AVENGERS: INFINITY WAR

CONTAINS SPOILERS CONTAINS SPOILERS CONTAINS SPOILERS CONTAINS SPOILERS CONTAINS SPOILERS CONTAINS SPOILERS CONTAINS SPOILERS CONTAINS SPOILERS CONTAINS SPOILERS CONTAINS SPOILERS CONTAINS SPOILERS CONTAINS SPOILERS CONTAINS SPOILERS CONTAINS SPOILERS CONTAINS SPOILERS CONTAINS SPOILERS

It's too much. The nineteenth instalment of the Marvel Cinematic Universe (which doesn't count other Marvel series such as Deadpool, X-Men or the Fantastic Four) is a colossal thumping, thudding mess with too many characters, too wide a scope, too much happening, too many story threads, too large a villain and too high a prize at stake. Dragging in all the original Avengers ensemble (Iron Man, Thor, Captain America, Black Widow et al) as well as more recent additions (Vision, Scarlet Witch, Black Panther), then shoehorning in the Guardians Of The Galaxy gang, it runs for two and a half hours and doesn't reward either your patience or your backside with a satisfying conclusion as it's all acting as mere set-up for an (presumably) even bigger conclusion next year with even more characters.
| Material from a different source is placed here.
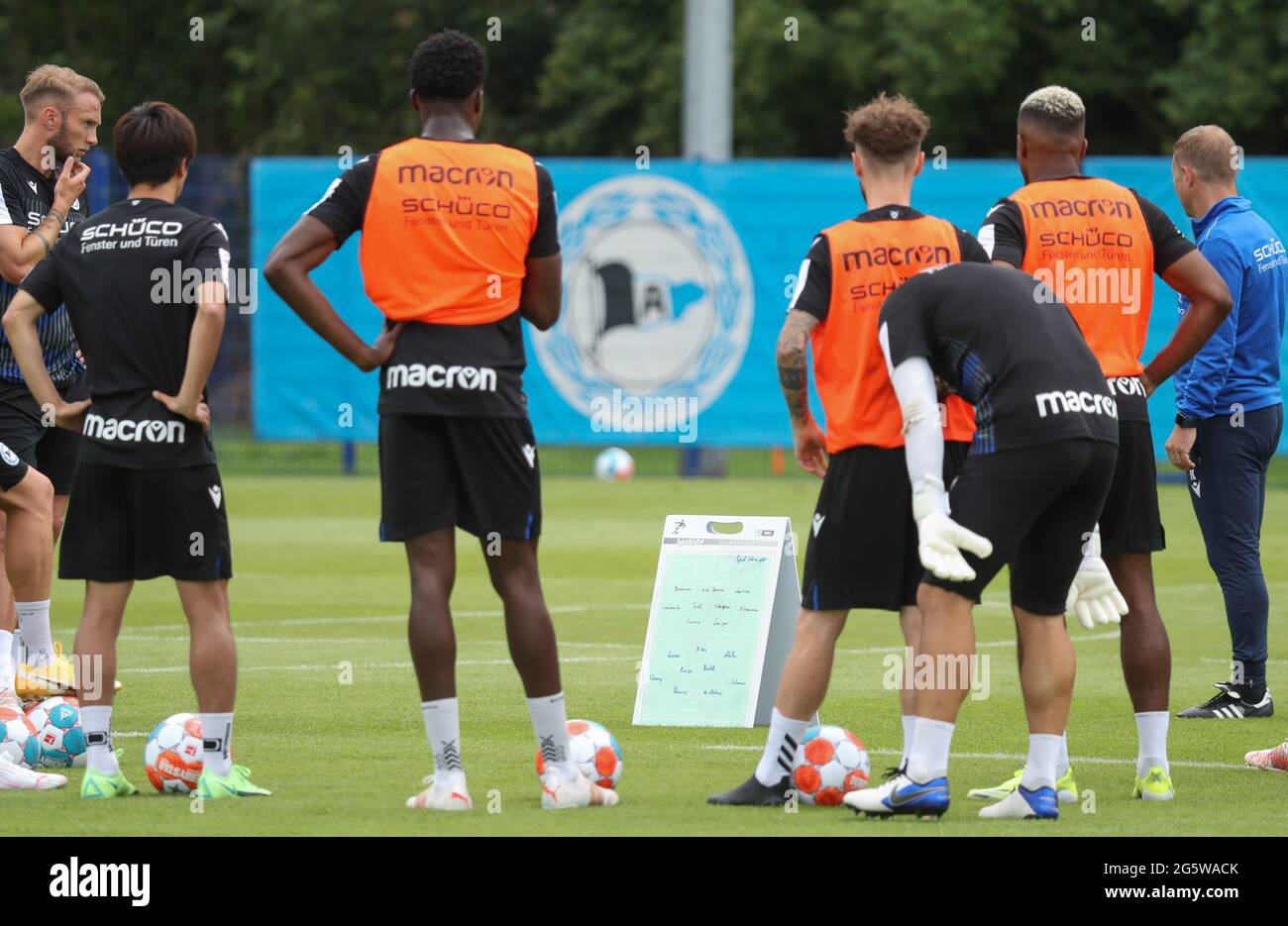 Bielefeld, Germany. 30th June, 2021. Football: Bundesliga, training  kick-off DSC Arminia Bielefeld. Players and coaching staff stand on the  grass from the training ground at the first training session of the season.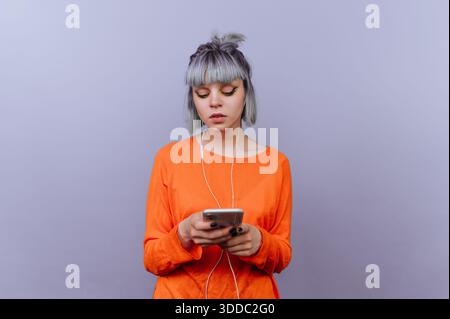 Young woman with headphones using smartphone against purple background. Stock Photo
The other trouble is that it does demand some basic level of familiarity with the MCU line-up: personally I've seen them all once on their theatrical release (except for a few which I caught up with on DVD) but I can't be bothered to marathon them all every time a new one comes out: unlike the Saw or Fast And Furious series it frankly seems too much like homework. There's little point in a synopsis: all you really need to know is that super-evil Thanos (Josh Brolin) is searching for the six Infinity Stones with which he can control time, space, death and reality and fulfil his destiny of slaughtering half the Universe, because nonsense. Thor bumps (literally) into the Guardians Of The Galaxy; Vision and Scarlet Witch have gone off grid, and Black Widow and Captain America have to track them down; Tony Stark and Peter Parker team up with Dr Strange, and the whole thing ends in a huge pitched battle in Wakanda.

Flitting around the world (New York, Scotland, Africa) and assorted alien planets, Avengers: Infinity War alternates the flip, sitcom character banter of the established characters (Stark and Peter Parker, and the GOTG mob, especially) with the now inevitable scenes of destruction and CGI superheroes smacking one another repeatedly through brick walls and/or flying through space. But for all that apocalyptogeddon spectacle and mass carnage, it's completely unengaging and in places quite dull: we've seen it so many times before and this time it's being yelled at us rather than merely shouted. It's not actually explained why Thanos needs the Infinity Stones anyway: to all intents and purposes he's already a god (a cursory Google suggests he's anything up to 2000 years old already), he's more than capable of wiping out half the population wherever he goes, and he's easily able to keep multiple superheroes at bay before he acquires the stones. Even his minions are more than capable of thwacking the heroes aside. Presumably he only wants them because it'll make his great genocidal quest easier.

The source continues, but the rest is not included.